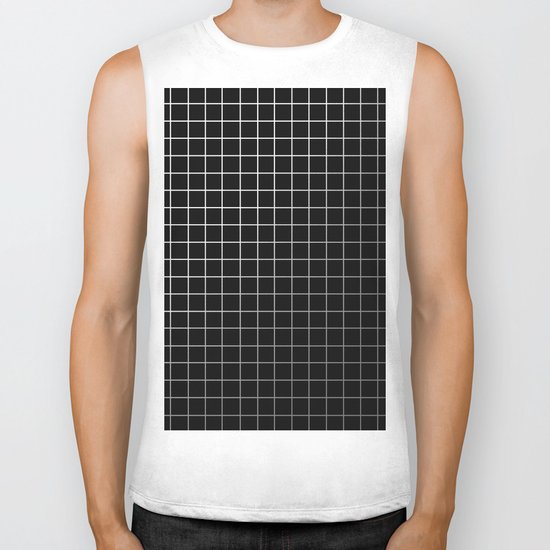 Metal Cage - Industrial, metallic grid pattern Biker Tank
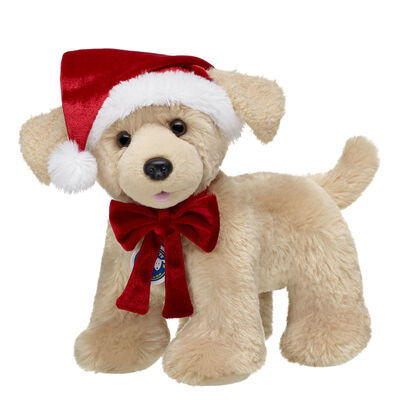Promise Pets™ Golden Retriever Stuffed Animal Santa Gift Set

---

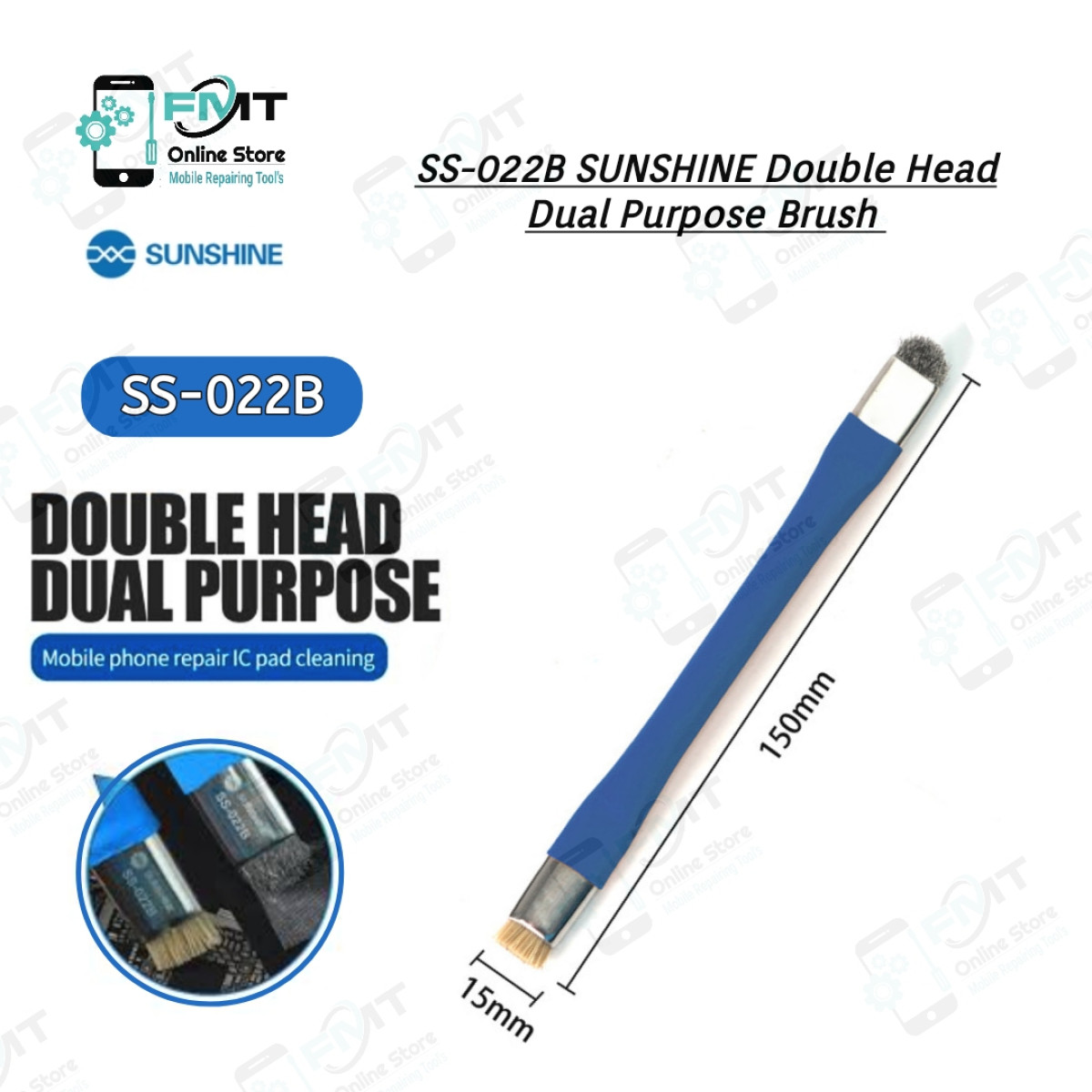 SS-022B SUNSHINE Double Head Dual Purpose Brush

=== AIM OF THE EXERCISE ===
Each line between the one holding "Metal Cage - Industrial, metallic" and the one holding "Promise Pets™ Golden", inclusive, should be copied exactly as it appears above, and pictures should be omitted.

=== TASK SOLUTION ===
 Metal Cage - Industrial, metallic grid pattern Biker Tank
Promise Pets™ Golden Retriever Stuffed Animal Santa Gift Set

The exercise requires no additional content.